他社利用を隠すことは絶対に避けるべきです。通帳の入金履歴を確認される際に他社からの入金が発覚し、隠蔽を試みたとして信頼を失う結果となります。
審査では過去3か月分の通帳コピー提出が原則的であり、この期間内の他社利用は必ず判明します。虚偽申告が発覚した場合、審査落ちとなるだけでなく、今後の取引も困難となる可能性があります。
正直な申告を行い、他社利用の合理的理由を説明することで、むしろ計画的な経営を行っている証拠として評価される場合もあります。透明性のある取引関係の構築が長期的な信頼関係につながります。
6-2. 2社目の手数料は1社目より高くなりますか?
2社目だからといって必ずしも手数料が高くなるわけではありません。手数料は主に売掛先の信用力と債権の内容によって決まるため、優良な債権であれば競争力のある手数料を提示される場合があります。
むしろ相見積もりの効果により、1社目よりも安い手数料を提示される場合も多くあります。競合他社の存在を示すことで、より良い条件での契約が可能となることがあります。
ただし、2社目利用によるリスクを考慮して手数料を上乗せする会社もあるため、複数社で比較検討することが重要です。総合的な条件を比較し、最も有利な会社を選択することが重要となります。
6-3. 同じ売掛金で複数社に申込みできますか?
同一の売掛債権を複数のファクタリング会社に売却することは二重譲渡にあたり、法的に禁止されている行為です。詐欺罪や横領罪に問われる可能性があるため、絶対に行ってはいけません。
見積もり段階で複数社に相談することは問題ありませんが、契約は必ず1社のみと行う必要があります。契約前に他社への相談を中止し、単独での契約締結を行うことが重要です。
適法な2社目利用では、必ず異なる売掛債権を利用する必要があります。

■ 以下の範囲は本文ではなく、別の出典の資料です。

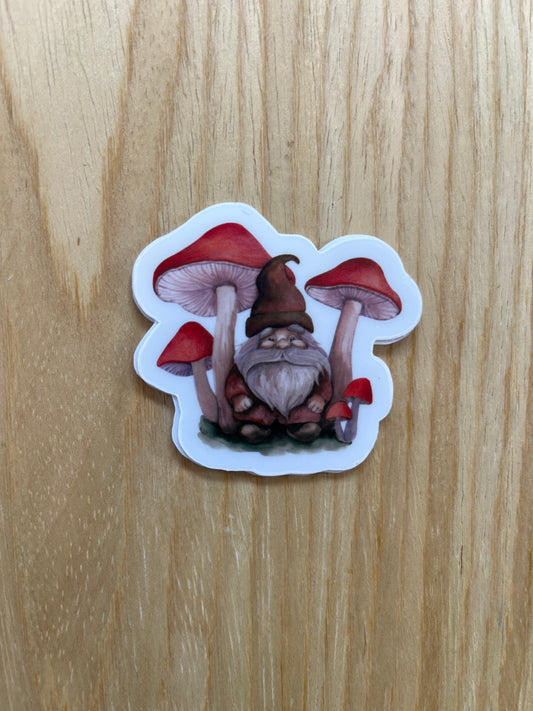 Garden Gnome Sticker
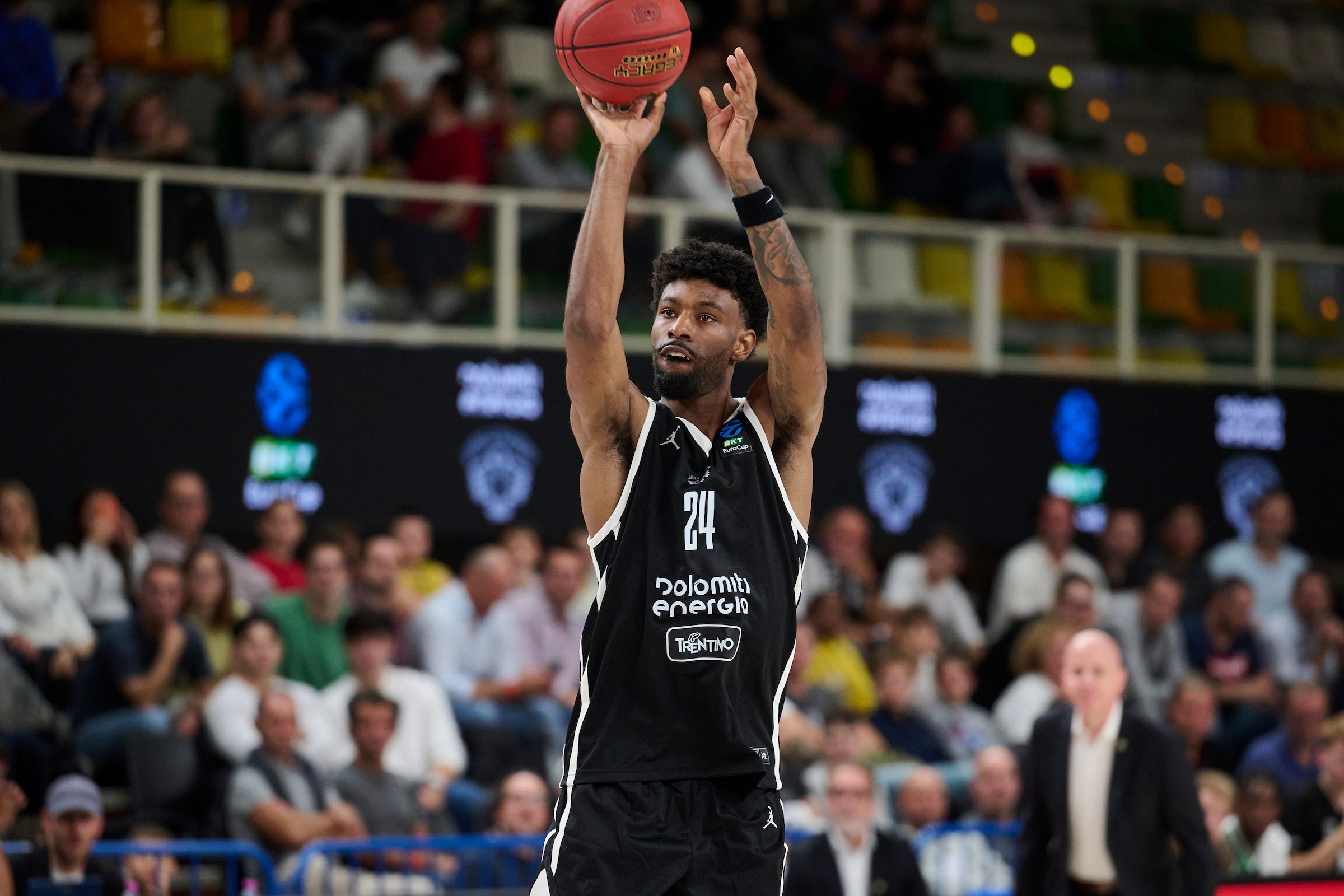 Bkt Eurocup, Round 2, Dolomiti Energia Trentino Vs Slask Wroclaw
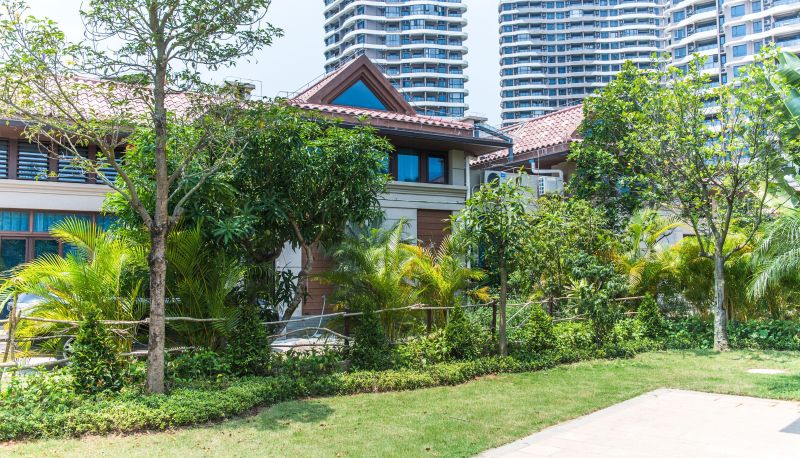 Hotel outdoor area - Youran Coconut Forest Resort Apartment (Country Garden Store)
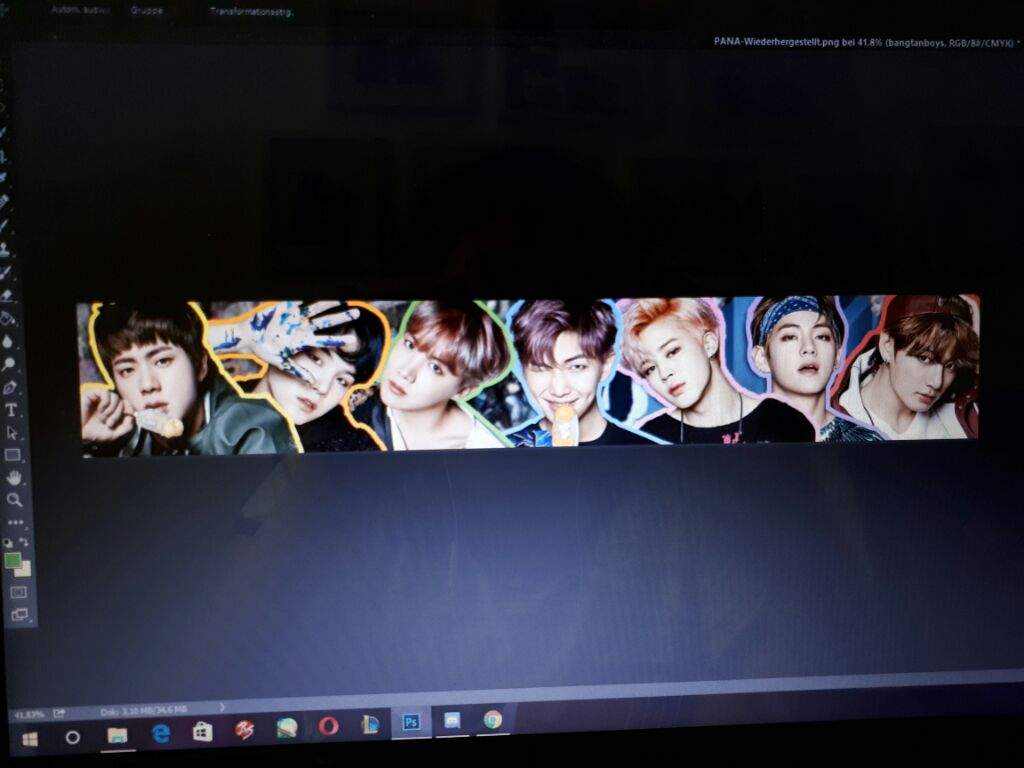 Bts Youtube Banner Army S Amino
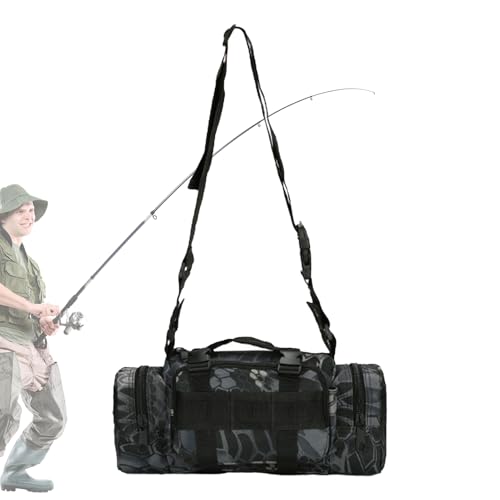 Riñonera | de Hombro Multifuncional, Impermeable, para Correr, Ciclismo, natación, Festivales, Gimnasio, Entrenamiento, Viajes, Viajes Diarios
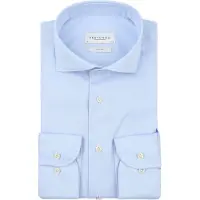 Profuomo Twill Skjorte Blå Lyseblå måle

売掛先、請求書番号、支払期日などが完全に異なる債権を選択し、二重譲渡のリスクを完全に排除することが重要となります。
6-4. 2社目利用で銀行融資に影響しますか?
ファクタリングは融資ではなく債権売買であるため、信用情報機関への登録は行われません。このため、銀行融資の審査において直接的な影響を与えることはありません。
ただし、銀行融資の審査では通帳の入出金履歴が確認されるため、ファクタリング利用の事実は把握される可能性があります。頻繁なファクタリング利用は資金繰りの悪化を示唆するものと判断される場合があるため、注意が必要です。
計画的で適度なファクタリング利用であれば、むしろ積極的な売上債権管理として評価される場合もあります。ファクタリングにより改善されたキャッシュフローが、事業の安定性を示す要素として評価されることもあります。
銀行との関係では、ファクタリング利用について事前に相談し、資金調達戦略の一環として説明することで理解を得ることが重要です。透明性のある情報開示により、健全な経営姿勢をアピールすることができます。
7. まとめ
ファクタリングの2社目利用は、適切に実施することで手数料削減、審査通過率向上、資金調達額拡大などの大きなメリットを得ることができます。しかし、二重譲渡の回避、審査対策、契約管理など、注意すべきポイントも数多く存在します。
最も重要なのは、法的リスクを完全に回避するため、必ず異なる売掛債権を利用することです。債権譲渡登記の活用や適切な債権管理により、安全で効果的な2社目利用を実現することができます。
成功のカギは、事前の十分な準備と正直な情報開示にあります。他社利用の事実を隠さず、合理的な理由とともに説明することで、ファクタリング会社との信頼関係を構築し、長期的な取引関係の基盤を築くことが可能となります。
複数のファクタリング会社との関係構築により、リスク分散と条件改善の両方を実現し、安定的で効率的な資金調達体制を確立することができるでしょう。